**Work to be completed**
Task for the records below: please retype exactly and only the lines from the first through the one with "Vestido de Trabajo", with every picture omitted.

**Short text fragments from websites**
◆ ◆ ◆

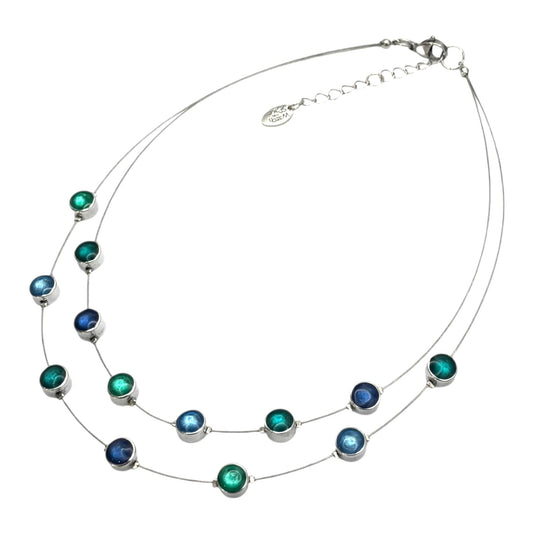 Crystal Aluminum Circles Shiny Double Strand Necklace | The Jewellery Stop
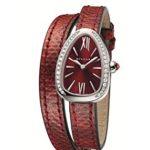 Bvlgari Serpenti Red Lacquered Dial Ladies Double Wrap Leather Watch 102780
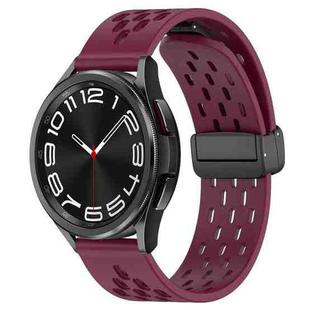 For Samsung Galaxy Watch 6 Classic 43mm 20mm Folding Magnetic Clasp Silicone Watch Band(Wine Red)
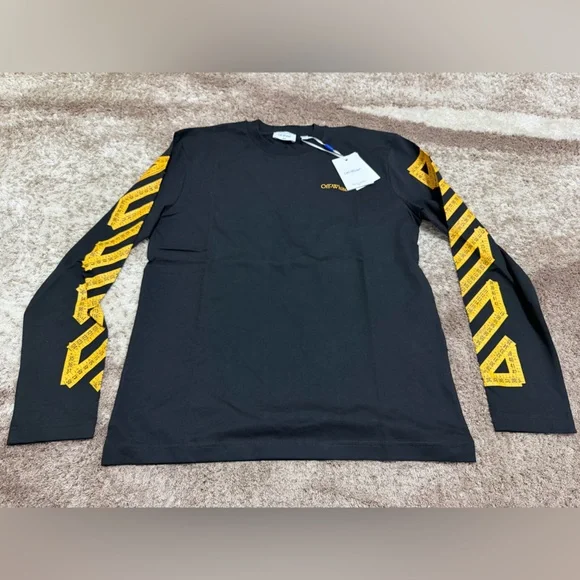 Off White tape arrow skate long sleeve tee in black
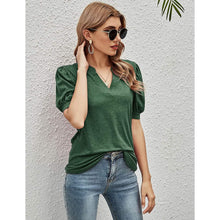 Load image into Gallery viewer, Romanstii Women Casual V-neck T-Shirts Loose Puff Short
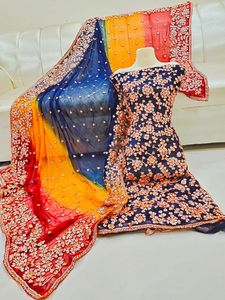 Vestido de Trabajo Gota de Acrílico de Edición Limitada para Mujer, Salwar Kameez Hecho a Mano con Adornos, Corte Regular, para Fiestas, Ropa India y Pakistaní - Product Image 6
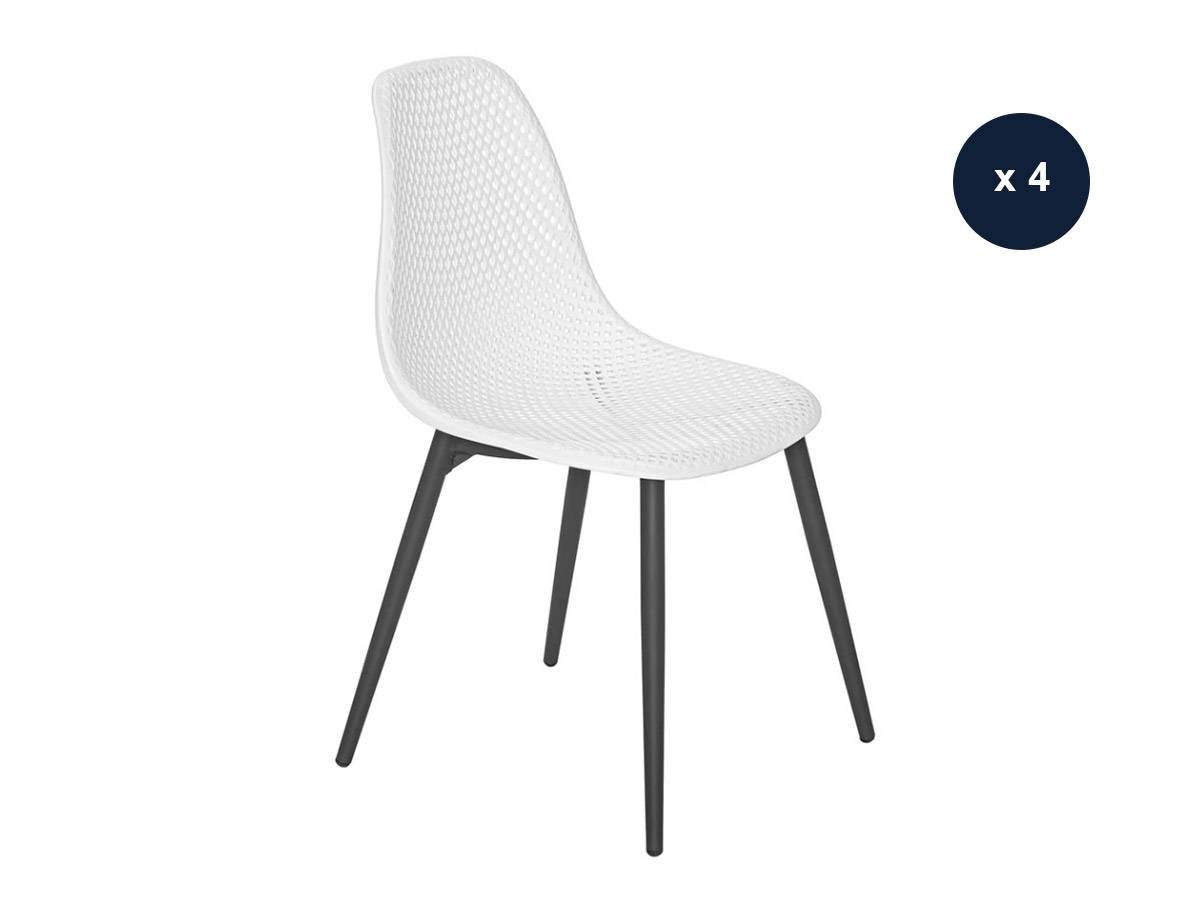Lot de 4 Chaises de jardin en aluminium et résine coloris blanc Malte - Jardiline - Imagen 1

◆ ◆ ◆

**Answer for the task**
 Crystal Aluminum Circles Shiny Double Strand Necklace | The Jewellery Stop
 Bvlgari Serpenti Red Lacquered Dial Ladies Double Wrap Leather Watch 102780
 For Samsung Galaxy Watch 6 Classic 43mm 20mm Folding Magnetic Clasp Silicone Watch Band(Wine Red)
 Off White tape arrow skate long sleeve tee in black
 Load image into Gallery viewer, Romanstii Women Casual V-neck T-Shirts Loose Puff Short
 Vestido de Trabajo Gota de Acrílico de Edición Limitada para Mujer, Salwar Kameez Hecho a Mano con Adornos, Corte Regular, para Fiestas, Ropa India y Pakistaní - Product Image 6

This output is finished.